## What is needed
Transcribe each line below verbatim; pictures excluded.

Crawled caption data:
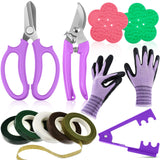 WILLBOND 11 Pcs Floral Tool Kit Rose Leaf Thorn Stripper Rose Pruning Shears Trimmer Remover Garden Floral Gloves Tapes Florist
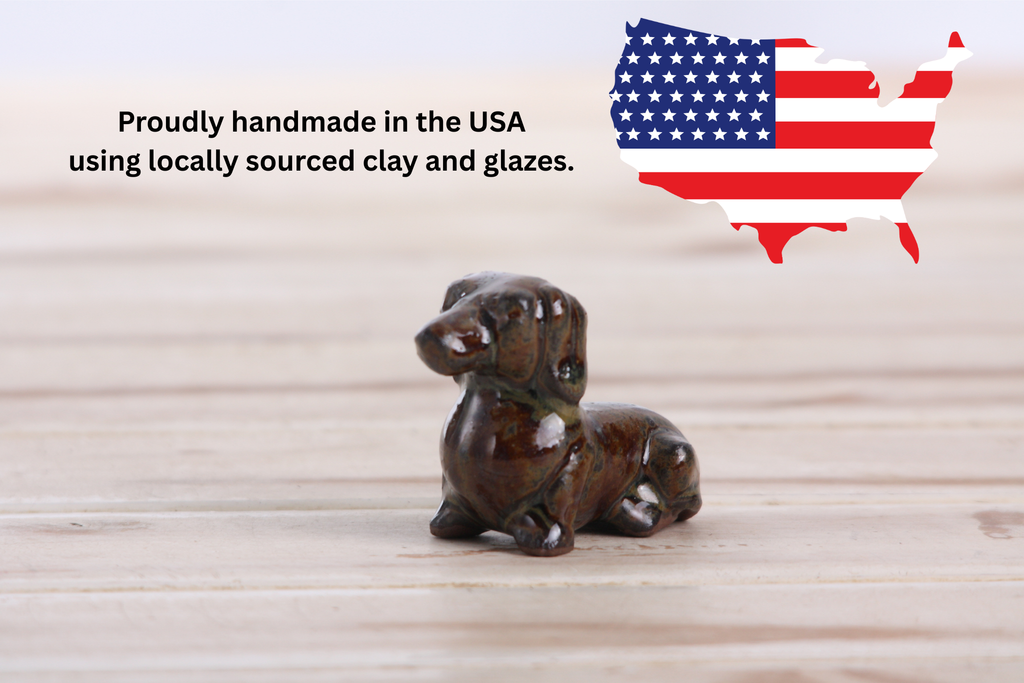 Willow Ceramics Butch the Dachshund Figurine – Mini Handmade Ceramic Dog Sculpture, High‑Fired Stoneware Décor, Made in Colorado, USA (Dark Honey)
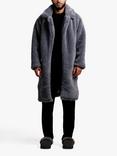 Ony Unisex Oversized Sherpa Trench Coat, Smoke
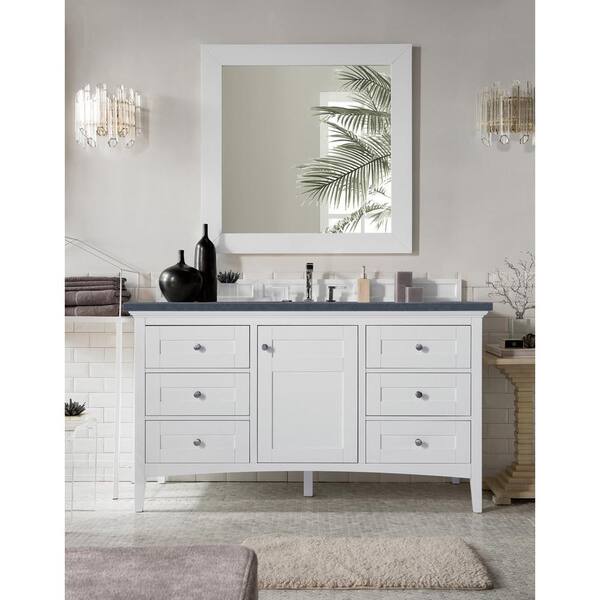 James Martin Vanities Palisades 60 in. W. ixn.D 35.3 in. H Single Bath Vanity in Bright White with Quartz Top in Charcoal Soapstone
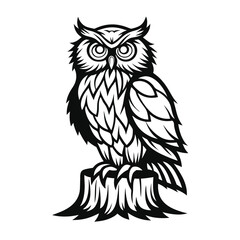 Fototapeta premium Striking Black and White Owl Silhouette on Stump, Detailed Feathers & Piercing Gaze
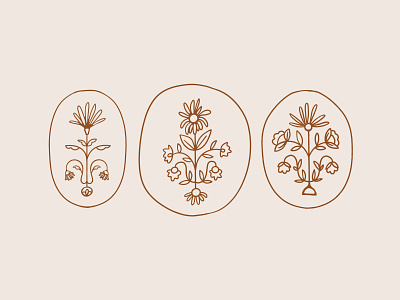 Wildflower Logo Badges bohemian boho brand design branding design hand drawn illustration logo logo design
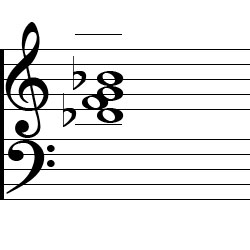 B♭ Minor 6 First Inversion Chord Music Notation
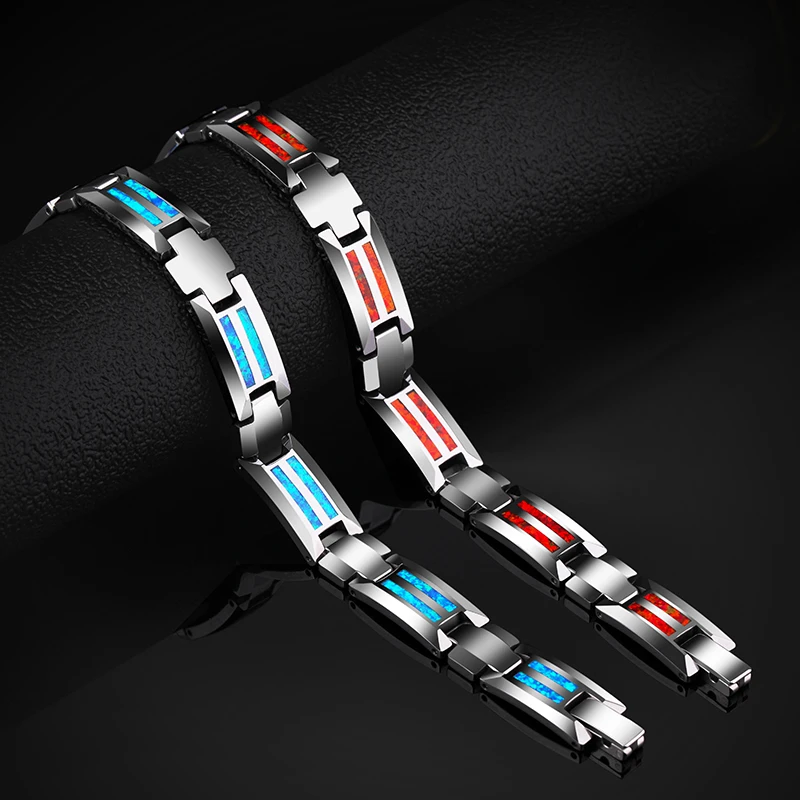 Unisex 10mm Width Tungsten Carbide Bracelets Inlay Magnet Stones and Opal Blue & Red 18.5/20cm, Customized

## Task solution
 WILLBOND 11 Pcs Floral Tool Kit Rose Leaf Thorn Stripper Rose Pruning Shears Trimmer Remover Garden Floral Gloves Tapes Florist
 Willow Ceramics Butch the Dachshund Figurine – Mini Handmade Ceramic Dog Sculpture, High‑Fired Stoneware Décor, Made in Colorado, USA (Dark Honey)
 Ony Unisex Oversized Sherpa Trench Coat, Smoke
 James Martin Vanities Palisades 60 in. W. ixn.D 35.3 in. H Single Bath Vanity in Bright White with Quartz Top in Charcoal Soapstone
 Fototapeta premium Striking Black and White Owl Silhouette on Stump, Detailed Feathers & Piercing Gaze
 Wildflower Logo Badges bohemian boho brand design branding design hand drawn illustration logo logo design
 B♭ Minor 6 First Inversion Chord Music Notation
 Unisex 10mm Width Tungsten Carbide Bracelets Inlay Magnet Stones and Opal Blue & Red 18.5/20cm, Customized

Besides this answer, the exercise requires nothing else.